[Start of section]
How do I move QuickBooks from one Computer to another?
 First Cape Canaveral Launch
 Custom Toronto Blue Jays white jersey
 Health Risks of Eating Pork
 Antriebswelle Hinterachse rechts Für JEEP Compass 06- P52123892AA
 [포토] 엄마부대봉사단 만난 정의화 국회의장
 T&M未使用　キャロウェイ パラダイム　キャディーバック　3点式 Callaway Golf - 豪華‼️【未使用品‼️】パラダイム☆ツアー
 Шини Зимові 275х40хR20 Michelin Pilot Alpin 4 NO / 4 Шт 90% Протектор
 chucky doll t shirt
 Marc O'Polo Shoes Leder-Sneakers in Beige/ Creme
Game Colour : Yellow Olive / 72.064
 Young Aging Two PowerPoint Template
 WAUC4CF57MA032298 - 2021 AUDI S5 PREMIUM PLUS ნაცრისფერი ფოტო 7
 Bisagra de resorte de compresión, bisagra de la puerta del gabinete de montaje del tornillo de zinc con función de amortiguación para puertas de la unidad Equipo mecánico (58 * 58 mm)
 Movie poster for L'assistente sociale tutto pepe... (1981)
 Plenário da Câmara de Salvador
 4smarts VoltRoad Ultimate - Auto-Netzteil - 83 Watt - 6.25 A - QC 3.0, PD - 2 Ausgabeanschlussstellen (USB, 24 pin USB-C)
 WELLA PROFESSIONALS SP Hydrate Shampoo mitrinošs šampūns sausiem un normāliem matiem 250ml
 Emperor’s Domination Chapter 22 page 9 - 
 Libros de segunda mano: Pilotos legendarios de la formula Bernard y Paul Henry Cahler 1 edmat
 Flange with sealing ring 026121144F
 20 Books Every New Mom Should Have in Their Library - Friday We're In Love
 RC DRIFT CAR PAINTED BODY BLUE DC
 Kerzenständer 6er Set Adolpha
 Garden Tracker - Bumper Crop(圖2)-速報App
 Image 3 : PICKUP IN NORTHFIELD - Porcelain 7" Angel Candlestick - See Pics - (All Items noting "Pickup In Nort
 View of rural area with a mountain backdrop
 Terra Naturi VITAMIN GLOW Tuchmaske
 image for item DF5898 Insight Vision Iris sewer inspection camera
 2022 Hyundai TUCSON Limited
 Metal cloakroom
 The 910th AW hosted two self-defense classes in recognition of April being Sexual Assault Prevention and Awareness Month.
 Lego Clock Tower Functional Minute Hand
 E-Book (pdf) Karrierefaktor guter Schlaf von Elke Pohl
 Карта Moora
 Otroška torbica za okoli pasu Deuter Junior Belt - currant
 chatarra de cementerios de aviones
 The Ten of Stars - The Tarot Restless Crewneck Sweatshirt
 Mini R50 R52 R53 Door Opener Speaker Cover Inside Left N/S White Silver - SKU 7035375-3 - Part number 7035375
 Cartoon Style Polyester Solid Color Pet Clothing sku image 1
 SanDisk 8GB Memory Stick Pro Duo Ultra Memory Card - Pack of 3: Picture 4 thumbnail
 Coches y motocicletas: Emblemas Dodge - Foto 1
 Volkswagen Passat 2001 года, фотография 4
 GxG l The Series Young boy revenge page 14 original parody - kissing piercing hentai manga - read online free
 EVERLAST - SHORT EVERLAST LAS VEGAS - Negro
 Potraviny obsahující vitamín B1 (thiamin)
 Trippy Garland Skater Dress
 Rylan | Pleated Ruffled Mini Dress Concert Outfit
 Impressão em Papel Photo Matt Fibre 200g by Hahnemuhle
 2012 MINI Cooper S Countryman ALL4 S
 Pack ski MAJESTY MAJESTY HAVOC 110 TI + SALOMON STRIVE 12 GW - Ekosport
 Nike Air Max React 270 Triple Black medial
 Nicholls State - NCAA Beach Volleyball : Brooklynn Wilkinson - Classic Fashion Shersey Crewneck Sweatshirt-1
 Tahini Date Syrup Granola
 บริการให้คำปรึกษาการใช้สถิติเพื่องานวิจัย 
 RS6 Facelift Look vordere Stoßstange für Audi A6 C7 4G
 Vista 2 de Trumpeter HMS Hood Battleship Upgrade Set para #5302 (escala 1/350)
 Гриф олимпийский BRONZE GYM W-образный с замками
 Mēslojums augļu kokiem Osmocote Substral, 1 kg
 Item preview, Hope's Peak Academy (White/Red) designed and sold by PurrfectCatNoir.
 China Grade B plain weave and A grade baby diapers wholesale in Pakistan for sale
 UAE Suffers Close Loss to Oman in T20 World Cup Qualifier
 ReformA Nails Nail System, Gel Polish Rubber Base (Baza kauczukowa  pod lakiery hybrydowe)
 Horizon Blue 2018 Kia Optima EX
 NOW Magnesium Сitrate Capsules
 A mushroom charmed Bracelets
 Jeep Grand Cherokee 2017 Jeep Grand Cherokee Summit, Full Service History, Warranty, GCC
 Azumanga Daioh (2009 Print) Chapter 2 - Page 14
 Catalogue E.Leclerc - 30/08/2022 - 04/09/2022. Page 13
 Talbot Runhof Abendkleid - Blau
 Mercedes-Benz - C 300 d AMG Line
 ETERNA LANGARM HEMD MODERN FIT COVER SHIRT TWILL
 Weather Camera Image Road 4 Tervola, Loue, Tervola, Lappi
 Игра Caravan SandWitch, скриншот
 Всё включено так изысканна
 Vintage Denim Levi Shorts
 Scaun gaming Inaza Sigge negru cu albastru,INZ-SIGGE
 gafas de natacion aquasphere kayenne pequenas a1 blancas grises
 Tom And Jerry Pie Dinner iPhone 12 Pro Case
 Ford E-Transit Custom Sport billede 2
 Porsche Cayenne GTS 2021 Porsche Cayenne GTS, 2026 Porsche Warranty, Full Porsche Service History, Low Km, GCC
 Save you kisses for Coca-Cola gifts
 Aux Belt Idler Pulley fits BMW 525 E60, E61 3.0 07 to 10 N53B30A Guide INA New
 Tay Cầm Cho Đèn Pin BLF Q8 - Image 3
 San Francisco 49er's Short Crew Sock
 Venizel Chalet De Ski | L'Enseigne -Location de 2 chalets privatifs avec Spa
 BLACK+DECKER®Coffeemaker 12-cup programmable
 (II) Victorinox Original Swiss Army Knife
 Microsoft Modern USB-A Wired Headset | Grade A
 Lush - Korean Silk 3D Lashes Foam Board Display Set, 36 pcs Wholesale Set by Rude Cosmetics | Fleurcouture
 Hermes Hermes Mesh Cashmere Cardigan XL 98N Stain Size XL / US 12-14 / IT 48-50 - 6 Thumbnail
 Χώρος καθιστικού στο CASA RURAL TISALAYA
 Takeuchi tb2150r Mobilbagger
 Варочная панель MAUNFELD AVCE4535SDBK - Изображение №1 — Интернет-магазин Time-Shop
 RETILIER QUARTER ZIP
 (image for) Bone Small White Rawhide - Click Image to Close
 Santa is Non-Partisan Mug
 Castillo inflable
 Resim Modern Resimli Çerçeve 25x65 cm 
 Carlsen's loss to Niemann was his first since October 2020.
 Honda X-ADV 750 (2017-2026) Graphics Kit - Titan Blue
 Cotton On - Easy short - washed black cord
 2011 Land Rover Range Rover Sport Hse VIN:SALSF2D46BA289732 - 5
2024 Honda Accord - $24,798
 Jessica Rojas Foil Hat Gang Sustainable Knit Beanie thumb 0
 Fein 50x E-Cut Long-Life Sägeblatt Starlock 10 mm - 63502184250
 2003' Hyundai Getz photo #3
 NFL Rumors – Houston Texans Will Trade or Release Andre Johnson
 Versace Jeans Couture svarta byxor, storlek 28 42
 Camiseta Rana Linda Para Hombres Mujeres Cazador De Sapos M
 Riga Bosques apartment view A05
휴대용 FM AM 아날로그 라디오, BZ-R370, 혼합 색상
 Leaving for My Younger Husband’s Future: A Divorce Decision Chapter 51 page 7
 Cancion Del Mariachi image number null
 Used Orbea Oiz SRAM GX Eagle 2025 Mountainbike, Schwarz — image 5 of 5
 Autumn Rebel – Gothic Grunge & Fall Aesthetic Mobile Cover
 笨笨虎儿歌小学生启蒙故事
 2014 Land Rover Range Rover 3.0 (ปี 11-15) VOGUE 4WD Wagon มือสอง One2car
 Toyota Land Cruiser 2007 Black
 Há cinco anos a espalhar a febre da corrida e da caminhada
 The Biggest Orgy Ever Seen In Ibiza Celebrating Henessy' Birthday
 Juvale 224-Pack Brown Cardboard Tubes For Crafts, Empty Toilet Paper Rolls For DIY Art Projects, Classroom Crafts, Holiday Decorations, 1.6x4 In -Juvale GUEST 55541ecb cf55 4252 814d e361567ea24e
[End of section]
> **YOUR GOAL**
Extract from the records above the lines from the one containing "Coches y motocicletas: Emblemas" to the one containing "RS6 Facelift Look", both lines included, exactly as they appear and with nothing else.

> **WRITTEN SOLUTION**
 Coches y motocicletas: Emblemas Dodge - Foto 1
 Volkswagen Passat 2001 года, фотография 4
 GxG l The Series Young boy revenge page 14 original parody - kissing piercing hentai manga - read online free
 EVERLAST - SHORT EVERLAST LAS VEGAS - Negro
 Potraviny obsahující vitamín B1 (thiamin)
 Trippy Garland Skater Dress
 Rylan | Pleated Ruffled Mini Dress Concert Outfit
 Impressão em Papel Photo Matt Fibre 200g by Hahnemuhle
 2012 MINI Cooper S Countryman ALL4 S
 Pack ski MAJESTY MAJESTY HAVOC 110 TI + SALOMON STRIVE 12 GW - Ekosport
 Nike Air Max React 270 Triple Black medial
 Nicholls State - NCAA Beach Volleyball : Brooklynn Wilkinson - Classic Fashion Shersey Crewneck Sweatshirt-1
 Tahini Date Syrup Granola
 บริการให้คำปรึกษาการใช้สถิติเพื่องานวิจัย 
 RS6 Facelift Look vordere Stoßstange für Audi A6 C7 4G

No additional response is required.